** Goal of the exercise **
Return each line exactly, beginning with the one that has "Large Automatic Chicken" and finishing with the final line of the material. Drop any pictures.

** Data for this exercise **
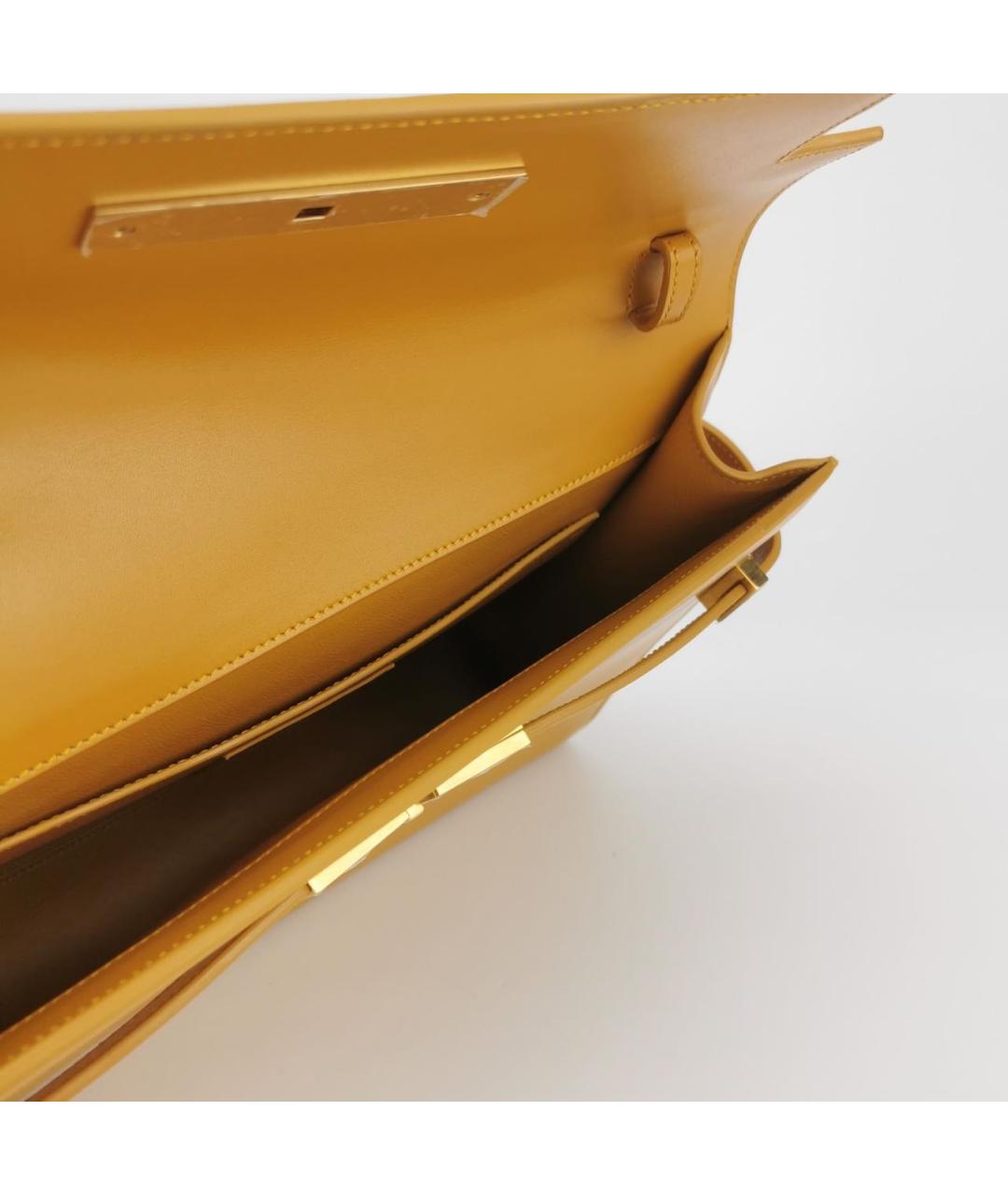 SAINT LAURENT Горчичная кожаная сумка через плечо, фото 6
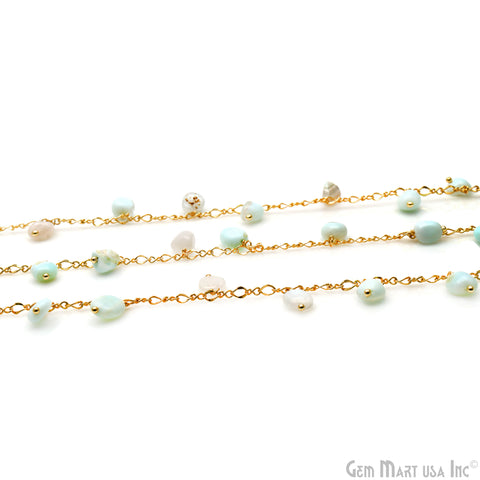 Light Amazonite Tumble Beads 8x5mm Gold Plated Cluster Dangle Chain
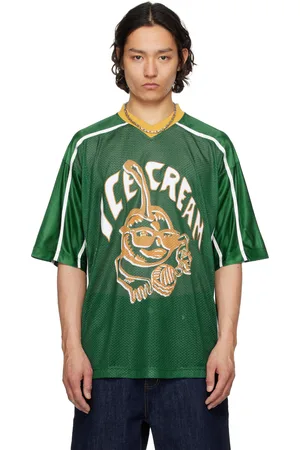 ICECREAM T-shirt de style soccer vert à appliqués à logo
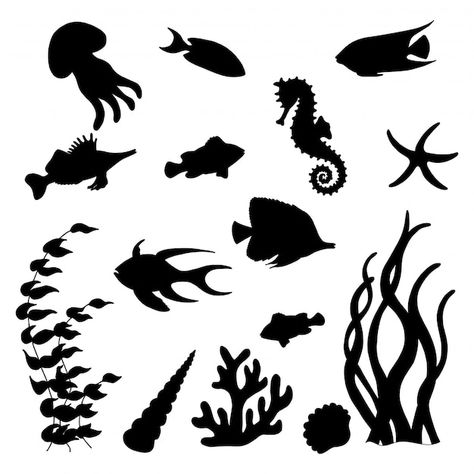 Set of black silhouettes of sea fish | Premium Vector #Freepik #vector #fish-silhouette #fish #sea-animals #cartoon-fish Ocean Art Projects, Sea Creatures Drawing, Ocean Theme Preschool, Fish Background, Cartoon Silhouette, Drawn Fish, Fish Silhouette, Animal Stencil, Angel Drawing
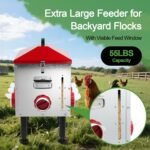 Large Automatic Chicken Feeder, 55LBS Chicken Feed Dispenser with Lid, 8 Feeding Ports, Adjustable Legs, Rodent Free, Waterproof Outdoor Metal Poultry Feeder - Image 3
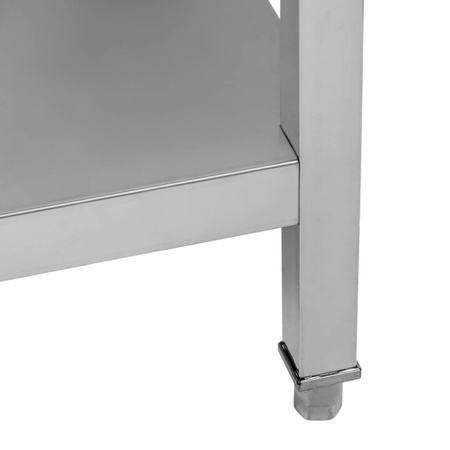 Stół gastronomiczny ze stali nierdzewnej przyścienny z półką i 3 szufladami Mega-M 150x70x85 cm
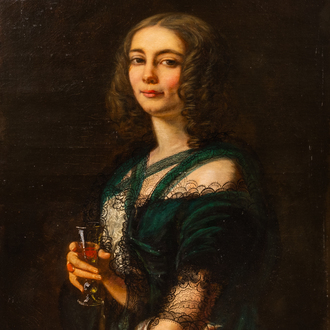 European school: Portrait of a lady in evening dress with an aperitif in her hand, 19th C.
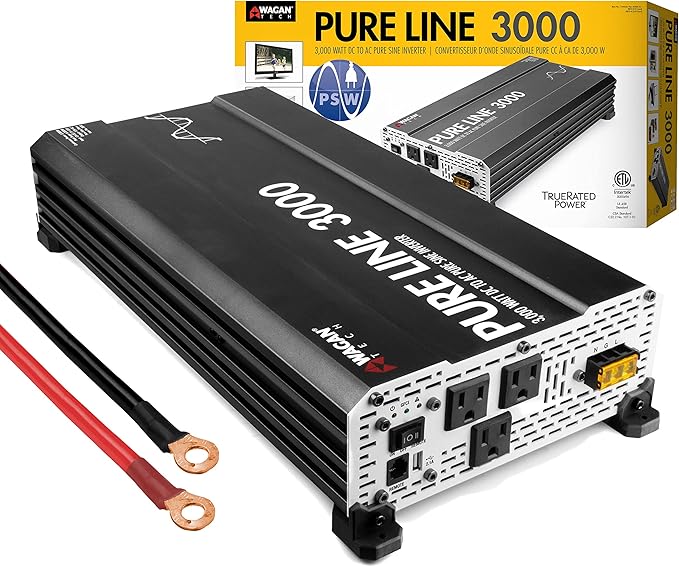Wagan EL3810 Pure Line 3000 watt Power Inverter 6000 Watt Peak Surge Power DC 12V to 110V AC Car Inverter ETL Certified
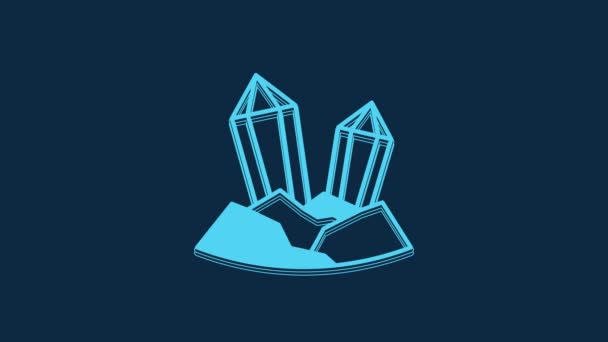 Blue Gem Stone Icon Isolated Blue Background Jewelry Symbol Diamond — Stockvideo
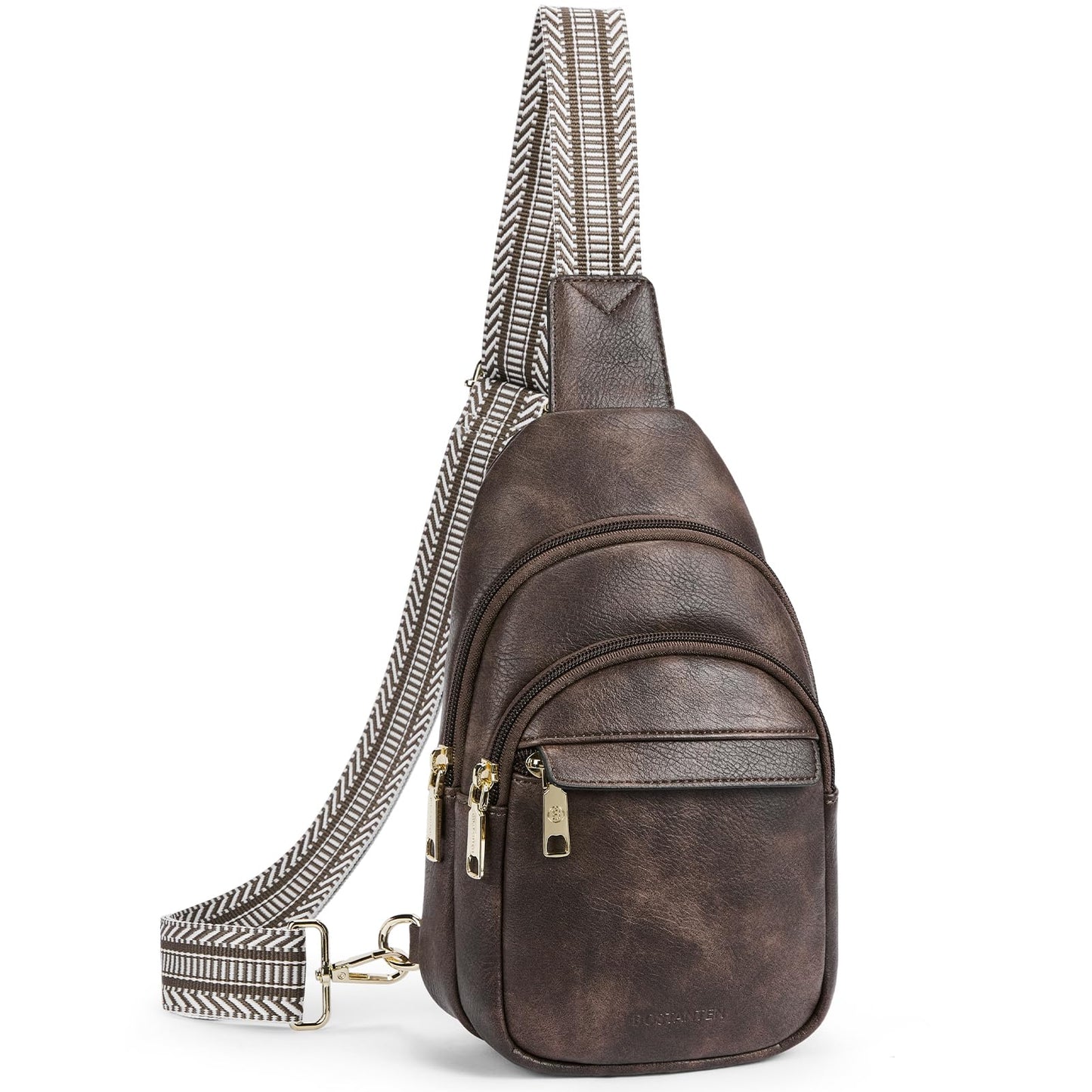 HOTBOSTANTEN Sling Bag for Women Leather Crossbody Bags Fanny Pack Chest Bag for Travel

** Output for this task **
 Large Automatic Chicken Feeder, 55LBS Chicken Feed Dispenser with Lid, 8 Feeding Ports, Adjustable Legs, Rodent Free, Waterproof Outdoor Metal Poultry Feeder - Image 3
 Stół gastronomiczny ze stali nierdzewnej przyścienny z półką i 3 szufladami Mega-M 150x70x85 cm
 European school: Portrait of a lady in evening dress with an aperitif in her hand, 19th C.
Wagan EL3810 Pure Line 3000 watt Power Inverter 6000 Watt Peak Surge Power DC 12V to 110V AC Car Inverter ETL Certified
 Blue Gem Stone Icon Isolated Blue Background Jewelry Symbol Diamond — Stockvideo
 HOTBOSTANTEN Sling Bag for Women Leather Crossbody Bags Fanny Pack Chest Bag for Travel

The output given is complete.